Killing Vicki Terblanche was the ultimate goal — so whether she was suffocated with a pillow or not, the drugs she was given were so lethal she would have died anyway.

Reinhardt Leach has been found guilty of murdering his girlfriend, Vicki Terblanche
Reinhardt Leach has been found guilty of murdering his girlfriend, Vicki Terblanche (EUGENE COETZEE)

Killing Vicki Terblanche was the ultimate goal — so whether she was suffocated with a pillow or not, the drugs she was given were so lethal she would have died anyway.

These were the findings in the Gqeberha high court on Wednesday, ultimately sealing former schoolteacher Reinhardt Leach’s fate.

Leach, who was in a relationship with Vicki at the time, was found guilty of murder, robbery with aggravating circumstances and illegal possession of a firearm.

Sitting in the dock, with his hands in his lap, he repeatedly shook his head as judge Samson Dunywa read the verdict.

Leach, 36, was arrested shortly after the Gqeberha mother’s murder in October 2021 and has been in custody since.

Vicki was drugged, suffocated, and her body buried in a shallow grave in Greenbushes.

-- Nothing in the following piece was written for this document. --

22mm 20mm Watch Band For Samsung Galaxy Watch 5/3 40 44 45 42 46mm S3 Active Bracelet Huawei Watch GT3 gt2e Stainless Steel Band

She was allegedly murdered at the behest of her estranged husband, businessman Arnold Terblanche.

He pleaded not guilty to the charges and will stand trial later in 2025.

Leach’s friend, Dylan Cullis, had earlier pleaded guilty to his role in the murder and is serving an 18-year prison sentence, while Mario de Ridder Jnr turned state witness.

It is the state’s case that Terblanche wanted Vicki dead because the two were going through a messy divorce which would have cost him millions of rand.

They were also fighting over custody of their minor son.

During Leach’s trial, however, it became a blame game between Cullis and Leach as to who had suffocated Vicki.

While the state rejected Leach’s guilty plea on the murder charge, disagreeing with certain aspects of his version of events, he maintained that it was Cullis who placed the pillow over Vicki’s head.

Cullis, who played open cards with the police from the start, denied this, claiming it was Leach who suffocated his own girlfriend.

Dunywa, however, found it to be irrelevant because of the sheer volume of drugs in her system.

“All the perpetrators had one common goal which was to kill the deceased,” the judge said.

“There was a shared purpose to commit murder.

“The participants acted together to achieve that purpose.

“The participants conspired to buy drugs for the deceased to use, which led to her overdose after the initial plan to shoot her [failed].

“There is overwhelming evidence from both the state and the defence that the participants had a common purpose to remove the deceased from society.”

Aggravation and mitigation of sentence arguments will be heard on Wednesday afternoon.